Muñoz, José Esteban. Cruising Utopia: The Then and There of Queer Futurity. New York: New York University Press, 2009. 240 pages. $65.00 cloth, $19.00 paper.


In Cruising Utopia: The Then and There of Queer Futurity, José Esteban Muñoz argues that queer criticism should be infused with a “utopian function” that perhaps only a return to political idealism could effect. The book’s main premise is that the current state of the field of Queer Studies, especially its turn to the antirelational mode of criticism, needs some repairing by way of casting light onto queer collectivity.1 While Muñoz partly subscribes to antirelational critiques of “straight temporality,” and especially its injunctive to reproduce and be productive (as expressed by the “culture of the child”), he nevertheless speaks for a notion of queer futurity by turning to Ernst Bloch’s concept of utopia as a critical and collective longing that is relational to historically situated struggles (22). Far from conceptualizing queer collectivity as a political impossibility—as antirelational readings of queerness would have it—Muñoz argues that an analysis of how queer belonging is performed through aesthetic works actually reveals the political potentiality of queer futurity. Muñoz’s first move then is to reconceptualize “queer” itself as utopia: “Queerness is not yet here. Queerness is an ideality”.[1] Queerness, Muñoz argues, is a “horizon of being” (Husserl 1991) that can be glimpsed in utopian bonds, affiliations, designs, and gestures that exist within the present, “a type of affective excess that presents the enabling force of a forward-dawning futurity” (23). Such excess/surplus is thus the historical, material archive from which Muñoz extracts a performance of futurity—a utopian function—from queer aesthetics: at once a negation of “what merely is” and a pointing to what could and should be.

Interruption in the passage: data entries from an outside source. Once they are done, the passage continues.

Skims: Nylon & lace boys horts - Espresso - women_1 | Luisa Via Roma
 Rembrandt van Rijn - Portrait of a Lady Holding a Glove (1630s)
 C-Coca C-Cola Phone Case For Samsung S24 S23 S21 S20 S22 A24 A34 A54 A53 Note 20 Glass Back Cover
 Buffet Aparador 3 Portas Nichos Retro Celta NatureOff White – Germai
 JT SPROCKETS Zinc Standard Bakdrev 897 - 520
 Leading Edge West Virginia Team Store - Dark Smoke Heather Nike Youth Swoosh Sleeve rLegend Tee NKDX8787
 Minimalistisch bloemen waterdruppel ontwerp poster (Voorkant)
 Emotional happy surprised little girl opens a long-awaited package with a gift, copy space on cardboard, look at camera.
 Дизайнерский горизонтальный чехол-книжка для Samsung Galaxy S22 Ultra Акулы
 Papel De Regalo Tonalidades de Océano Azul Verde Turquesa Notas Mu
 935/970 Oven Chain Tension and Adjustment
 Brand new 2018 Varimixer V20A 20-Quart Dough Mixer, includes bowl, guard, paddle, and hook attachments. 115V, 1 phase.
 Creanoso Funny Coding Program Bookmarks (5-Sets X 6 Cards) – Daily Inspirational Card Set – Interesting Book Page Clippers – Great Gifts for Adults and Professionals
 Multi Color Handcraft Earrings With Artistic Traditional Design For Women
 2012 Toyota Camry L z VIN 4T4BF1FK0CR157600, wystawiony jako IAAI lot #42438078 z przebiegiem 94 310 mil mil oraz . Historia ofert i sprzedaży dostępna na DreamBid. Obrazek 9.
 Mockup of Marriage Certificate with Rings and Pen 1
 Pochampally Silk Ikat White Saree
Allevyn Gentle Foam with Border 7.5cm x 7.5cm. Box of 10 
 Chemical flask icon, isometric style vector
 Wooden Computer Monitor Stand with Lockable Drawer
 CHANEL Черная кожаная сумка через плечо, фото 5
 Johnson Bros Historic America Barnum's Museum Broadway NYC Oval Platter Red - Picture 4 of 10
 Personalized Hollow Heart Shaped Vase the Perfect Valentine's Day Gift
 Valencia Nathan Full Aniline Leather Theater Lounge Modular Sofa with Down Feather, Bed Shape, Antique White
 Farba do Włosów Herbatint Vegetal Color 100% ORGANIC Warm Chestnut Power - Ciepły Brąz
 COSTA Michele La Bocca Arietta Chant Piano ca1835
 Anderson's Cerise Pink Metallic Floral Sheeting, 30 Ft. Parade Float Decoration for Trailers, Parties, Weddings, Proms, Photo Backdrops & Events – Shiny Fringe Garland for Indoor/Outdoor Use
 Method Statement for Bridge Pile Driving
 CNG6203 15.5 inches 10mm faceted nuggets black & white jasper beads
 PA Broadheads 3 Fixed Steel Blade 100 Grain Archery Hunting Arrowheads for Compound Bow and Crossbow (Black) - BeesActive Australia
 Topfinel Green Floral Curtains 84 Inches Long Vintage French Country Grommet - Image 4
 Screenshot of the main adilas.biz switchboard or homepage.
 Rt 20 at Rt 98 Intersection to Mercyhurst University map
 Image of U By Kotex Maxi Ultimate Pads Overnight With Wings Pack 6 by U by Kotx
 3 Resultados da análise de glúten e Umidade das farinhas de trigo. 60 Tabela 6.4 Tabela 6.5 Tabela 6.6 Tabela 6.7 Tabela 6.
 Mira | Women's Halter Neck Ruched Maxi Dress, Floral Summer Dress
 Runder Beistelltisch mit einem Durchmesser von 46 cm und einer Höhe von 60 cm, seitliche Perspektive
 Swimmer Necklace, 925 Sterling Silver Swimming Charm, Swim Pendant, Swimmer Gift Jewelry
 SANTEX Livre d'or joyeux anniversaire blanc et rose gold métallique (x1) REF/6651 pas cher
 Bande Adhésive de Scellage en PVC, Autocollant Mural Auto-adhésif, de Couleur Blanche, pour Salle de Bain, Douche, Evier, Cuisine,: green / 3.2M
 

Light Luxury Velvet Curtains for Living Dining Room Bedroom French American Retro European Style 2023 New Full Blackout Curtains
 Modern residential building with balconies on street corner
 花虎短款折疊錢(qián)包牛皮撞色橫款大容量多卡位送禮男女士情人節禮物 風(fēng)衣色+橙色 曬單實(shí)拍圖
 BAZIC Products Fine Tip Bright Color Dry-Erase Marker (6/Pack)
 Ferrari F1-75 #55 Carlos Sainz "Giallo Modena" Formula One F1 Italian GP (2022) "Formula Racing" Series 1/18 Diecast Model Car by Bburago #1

Structured around ten analytical chapters, and framed by an introduction and a conclusion, the book maps out a multiplicity of utopian feelings across aesthetic works of the past and the present. Muñoz follows an associative path of analysis that leaps between the historical site (sometimes the author’s own life history) and the present, as a way to illuminate the potentiality of the future. This temporal dialectic between what Bloch (1995) called the “no-longer-conscious” and the “not-yet-here” is the vortex of Cruising Utopia’s methodology. Muñoz approaches queer affect and utopian performativity—the manifestation of a “doing” that is in the horizon—through a myriad of cultural workers and aesthetic performances that cross the fields of writing, visual and conceptual art, film, dance, theater, and nightlife, as well as acts of public sex and political protest.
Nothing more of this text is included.